NH4-dot-diagramThe cation exchange capacity (CEC) of the soil is merely a way of measuring the amount of sites in soils or soil humus that have a negative charge. These hold on to positively charged particles (cations) by means of its electrostatic properties. The amount of such exchange sites measures the capacity in the soil to keep nutrients, or the cation exchange capacity (CEC). So a soil’s CEC is the sum of negatively charged nutrient exchange sites  per unit weight or volume. CEC is calculated in milligram equivalents per 100 grams (meq/100g).

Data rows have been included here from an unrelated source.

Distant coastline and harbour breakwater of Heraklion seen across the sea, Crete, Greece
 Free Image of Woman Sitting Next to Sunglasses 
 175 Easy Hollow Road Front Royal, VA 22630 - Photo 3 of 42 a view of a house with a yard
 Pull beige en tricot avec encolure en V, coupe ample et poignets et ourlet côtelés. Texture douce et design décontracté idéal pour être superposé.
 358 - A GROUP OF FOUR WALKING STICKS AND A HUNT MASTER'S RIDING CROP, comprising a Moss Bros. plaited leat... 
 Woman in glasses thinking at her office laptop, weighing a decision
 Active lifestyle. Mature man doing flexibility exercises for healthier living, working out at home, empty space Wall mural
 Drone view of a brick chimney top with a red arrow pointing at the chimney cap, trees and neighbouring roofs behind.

Adding the concentrations of each cation gives a figure of the overall  CEC. A figure above 10 (meq/100g) is preferred for normal plant growth . However substrates with high levels of humus can have a CEC of 30 (meq/100g) or more.

The 5 most important cations in soils are calcium (Ca++ ), magnesium (Mg++), potassium (K+), sodium (Na+) and aluminium (Al+++).


Cations and Anions

What we really need to understand is that the greater the CEC value, the more nourishment a substrate or soil can have ready for use. The higher the CEC value, the more effective it can be for improving plant growth, vigor and health. All very small particles, not just humus and clay, carry electrical charges. The part of the nutrient that carries the electrical charge are called ions. Ions with a positive charge are called cations and ions carrying a negatively charged are called anions.


Humus and Available Nutrients

Depending on the soil or substrate, there are a few ingredients that have cation exchange capacity. The element having the highest CEC would be humus. Organic substrates all contain a good amount of this organic compound. Cations held by the electrostatic force of the soil’s humus can be easily exchanged for other cations within the soil making them readily available for plant uptake in the rhizosphere. Therefore, the CEC is crucial for knowing if there are sufficient amounts of AVAILABLE nutrients in the soil that have a positive charge.


Common Nutrient Cations And Anions

Some important positively charged nutrients include,  Ca++, Mg++ and K+. You may note that a very important nutrient, Nitrate NO3-, is not listed. This is because it carries a negative charge. Humus has not only negatively charged ions ready for retaining positively charged minerals, some have positively charged ions as well which can hold on to negatively charged minerals such as our precious nitrates and nitrites. However the anion exchange is very low in relation to cation exchange sites and unfortunately doesn’t come into account when talking nitrate availability.

Examples of Cations: NH4+, Ca++, Mg++, K+

Examples of Anions: NO3-,  Cl-, SO4-, PO4-


How Plants Eat

The surface areas of a plant root hairs contain their own electrical charges. Any time a plant’s root hair penetrates the substrate, it may exchange its own cations for those mounted on humus or clay debris and then absorb the cation nutrient for intake as nourishment. Plant roots use a hydrogen cation (H+) for the exchange. They eject one hydrogen cation for every cation nutrient adsorbed. This keeps a charge balance. This is the way plant life eats. This is a basic function of all plant life.


If there is a larger concentration of one specific cation over the others in the soil water, that cation will force the other cations off the colloid and the abundant cation element take their place.


Absorbsion vs Adsorbsion

Positively charged particles are electrostatically attracted to negatively charged particles. We all know this intuitively from our times spent playing with magnets as a child. Whenever positively charged cations affix themselves to negatively charged anions, the cations are “adsorbed” by the anions. Adsorbed is when a substance is affixed to the SURFACE of a particle, in a condensed layer. Absorbsion is when a substance enters INSIDE the body of a particle…  big difference.


About Anions

Anions, as mentioned earlier, have a negative charge. Some common but important anions are nitrate (NO3-), chloride (Cl-), sulfate (SO4-), and phosphate (PO4-). Unfortunately, soil anions are repelled by way of the negative ion on most substrate particles and therefore stay in solution instead of being adsorbed. Most of these plant nourishment will often be missing from substrate and soils, as they are easily leached out when the plant is watered.This is one more reason bacteria and fungus are so important to us. These microorganisms not only are responsible for breaking down all organic matter, they also supply plants with available anion elements, like nitrate, slowly over time. This is all done without anion exchange from clay or humus. A sufficient percentage of the billion or so bacteria in every square centimeter of soil, die each second to release from their decaying body the nitrates it has accumulated over its life. This to me is an amazing system. Nitrates and anions are also supplied by fungus directly, but dieing bacteria are responsible for the majority of the nutrient availability.